**Problem statement**
Taking the line with "Then I make" as the first and the line with "If you're a" as the last, set down the lines below exactly, pictures excluded.

**Source records**
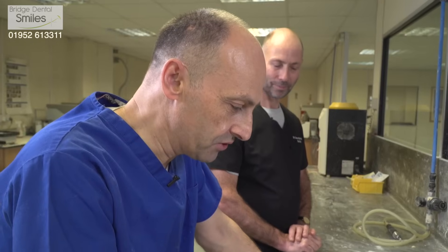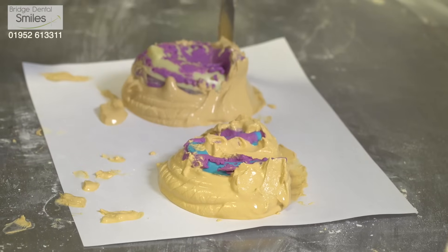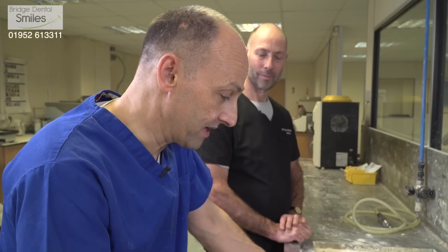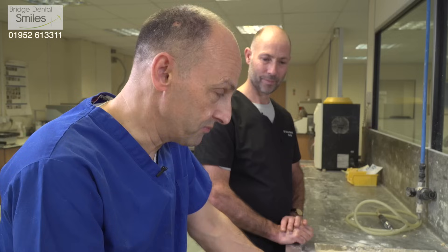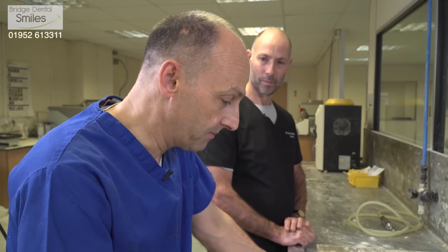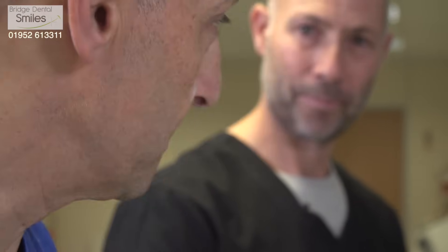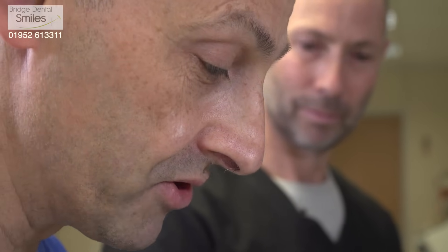If you have an initial poor impression that's underextended, or the alginate isn't mixed correctly and it doesn't capture enough of the area for us to make a good special custom-made tray, then that error starts repeating itself all the way down the line and can ultimately lead to a poorly fitting denture. I've seen results where things were done in a quick fashion and it just doesn't work well — not for the patient, not for the dentist, not for the laboratory.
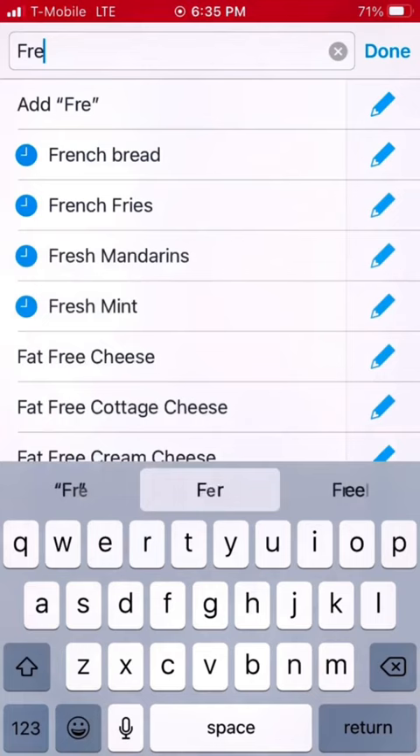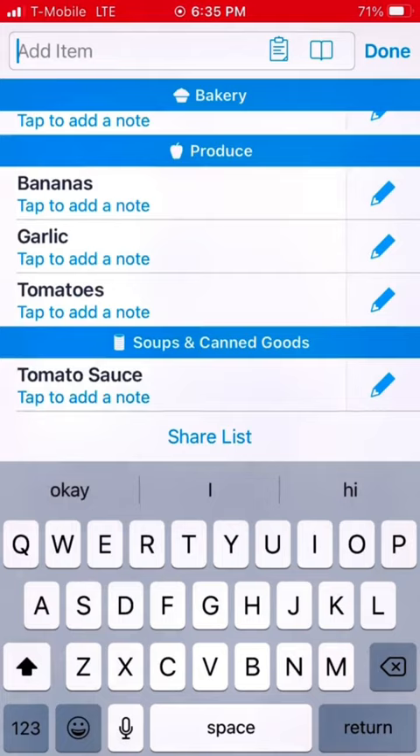Then I make my shopping list. I only get what I need to supplement for those meals, and I get the essentials like tomatoes and cucumbers because we use a lot of those.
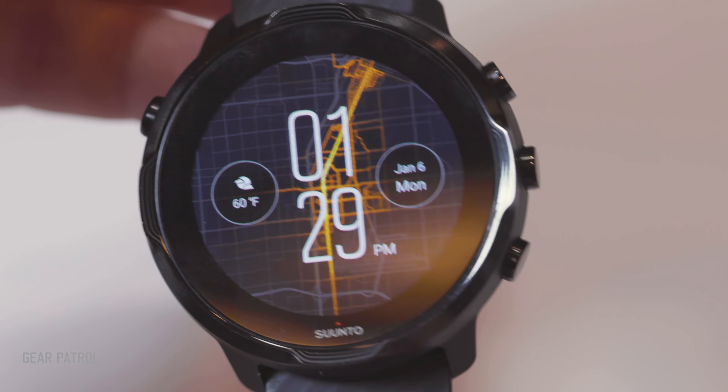It has all the things that you'd want in a multi-sport smartwatch by Suunto. There's a built-in GPS, heart rate sensor, altimeter, and you can track up to 70 different exercises, such as swimming, skiing, surfing, running, and cycling.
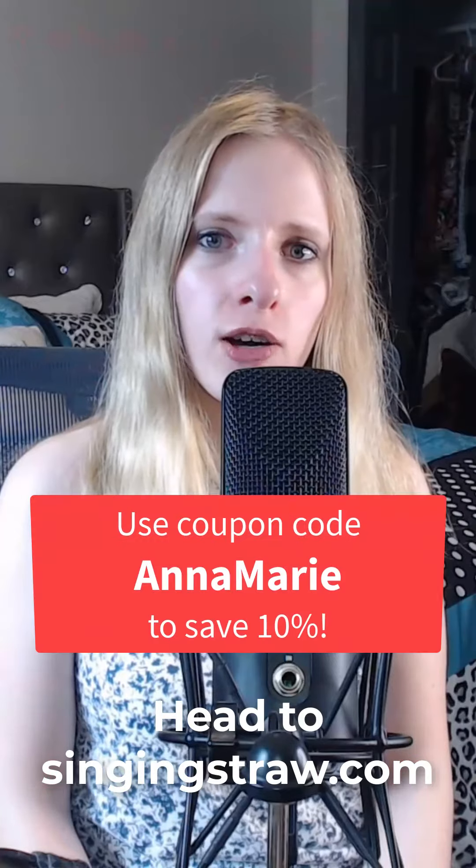If you're a singer, speaker, teacher, or anyone who uses their voice for long periods of time, this is a game changer. If you want to check it out, you can head to singingstraw.com and read more about it. You can use the coupon code ANNAMARIE to save 10%.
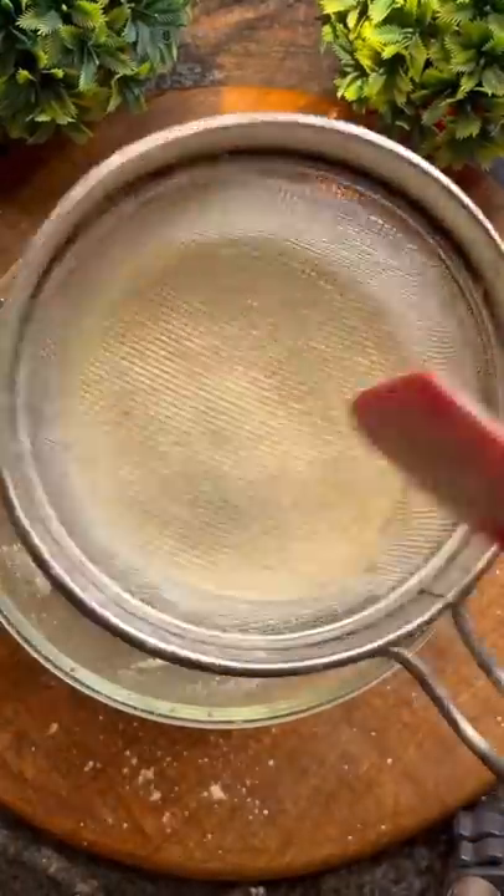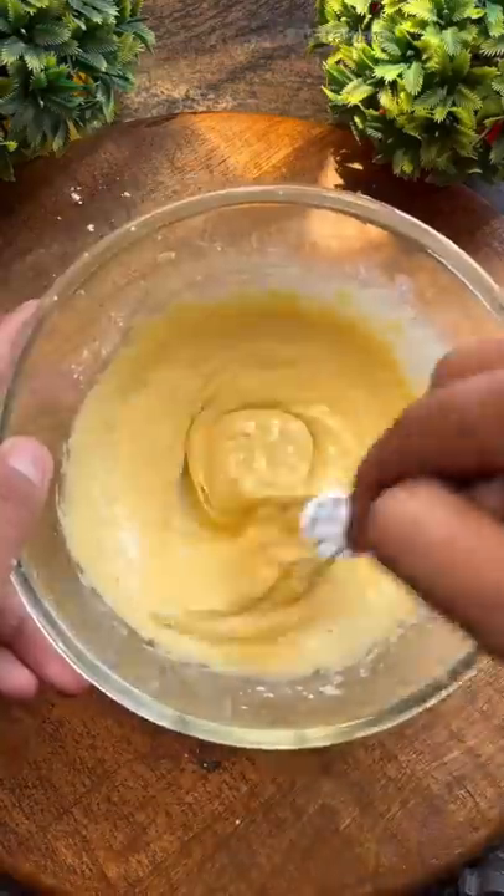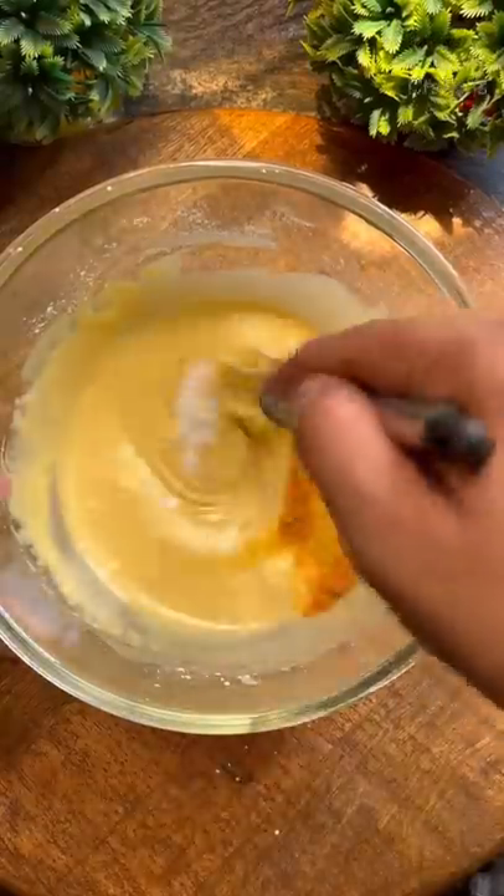We all love boondi, but how do you make it? First of all, prepare the batter with the right consistency and then you fry it.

**Answer to the problem**
Then I make my shopping list. I only get what I need to supplement for those meals, and I get the essentials like tomatoes and cucumbers because we use a lot of those.
It has all the things that you'd want in a multi-sport smartwatch by Suunto. There's a built-in GPS, heart rate sensor, altimeter, and you can track up to 70 different exercises, such as swimming, skiing, surfing, running, and cycling.
If you're a singer, speaker, teacher, or anyone who uses their voice for long periods of time, this is a game changer. If you want to check it out, you can head to singingstraw.com and read more about it. You can use the coupon code ANNAMARIE to save 10%.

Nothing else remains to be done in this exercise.